37. If you have a product send it to website owners to get reviewed.

38. Look at a big website within your niche and ask to write some guest posts for them

39. Create pages with links to your site on places like Squidoo and Hubpages

40. Place classified Ads on eBay with a link to your website

41. Use an autoresponder on your mailing list to keep people coming back to your site

42. Exchange links with a few related sites in your niche

43. Network! Email other site owners, phone them up, go to industry events and get yourself known. If they know your face they will likely talk about you on their site if you do something interesting.

44. Many forums have a place for you to advertise your site once, find them and do it.

45. Purchase advertising in other people's mailing lists and newsletters

46. Create an Amazon profile and start submitting reviews

47. Create profiles on MySpace and start networking in groups that are interested in your site's niche.

48. Conduct a survey and publish the results, make sure you let people know about it.

49. Get your hand on a load of PLR content for your niche. Add a commentary to the top, create a unique title, and post them all to your site, lots of new content and lots of new traffic.

50. Create a cartoon mascot for your site, then hold a competition for someone to create the best game for it, pay the winner a decent amount.

51. Make sure you have a memorable domain name that is short and catchy.

52. Use a well-searched for keyword within your domain name to help rank for that keyword.

53. If you sell a product ask someone else who sells a product to list your product with theirs, and you'll do the same for them, split commissions on sales.

54. When you write a new article on your site, link to as many blogs as possible, they will likely see your site in their pingbacks, website stats, or Technorati. They will visit your site and possibly subscribe to it and link back at a later date.

55. Get your RSS feed syndicated to different sites like Zimbio and hubpages and Topix.

56. If your site is popular and has quality unique content then apply to get listed in Google's News search.

57. Create a sitemap and submit it to Google (not great but might help)

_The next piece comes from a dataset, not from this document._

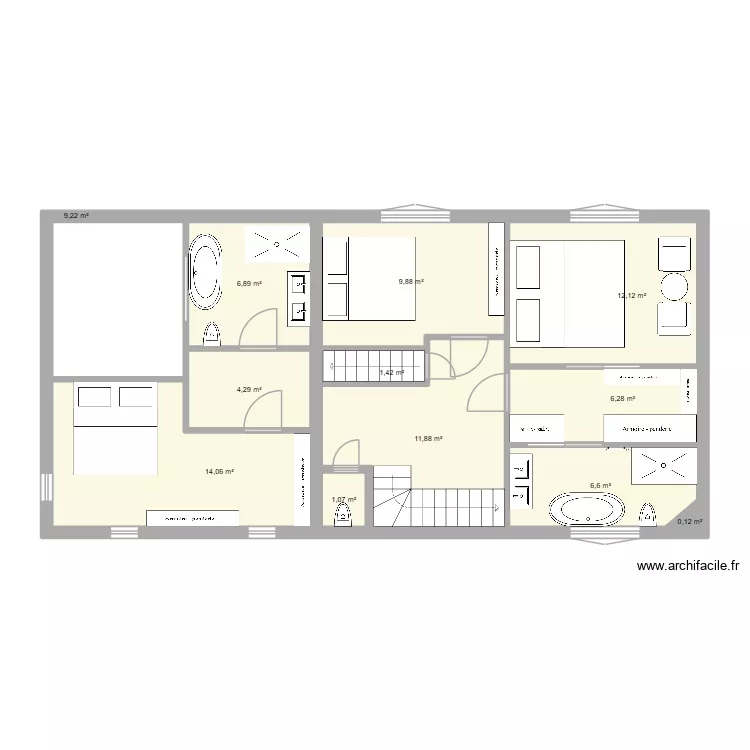 GARE YACHA2. Plan de 12  et 84 m²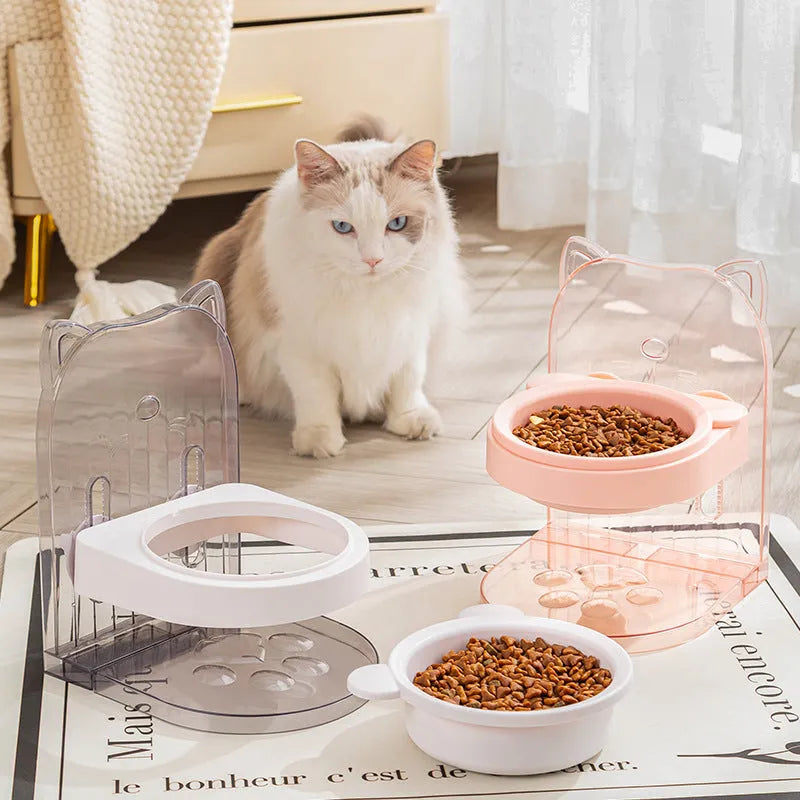 Grey cat feeding bowl with cat ears design, adjustable height, and removable hanging cage attachment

58. Use your robots.txt file to stop Google indexing certain directories and pages on your blog (such as archives) to avoid duplicate content issues).

59. Create a couple of small 10 page sites related to your main site. Offer links on these smaller sites in return for links to your main site (this is triangular reciprocal linking).

60. Get yourself known as an expert and get featured in offline magazines, TV and radio stations.

61. Use an auto-translator service to translate your site into other languages, put it in a subdirectory and watch foreign traffic come in.

62. Post about celebrities current events if it relates to your niche, there's always a lot of people looking up celebrity stuff.

63. Write good headlines/titles, good titles get more clicks.

64. Get some stickers with your domain name on. Go out and stick them on strangers and say, My Website Yeah, Check it out.

65. Reference your unique articles in the correct section of wikipedia - using the the special reference tag.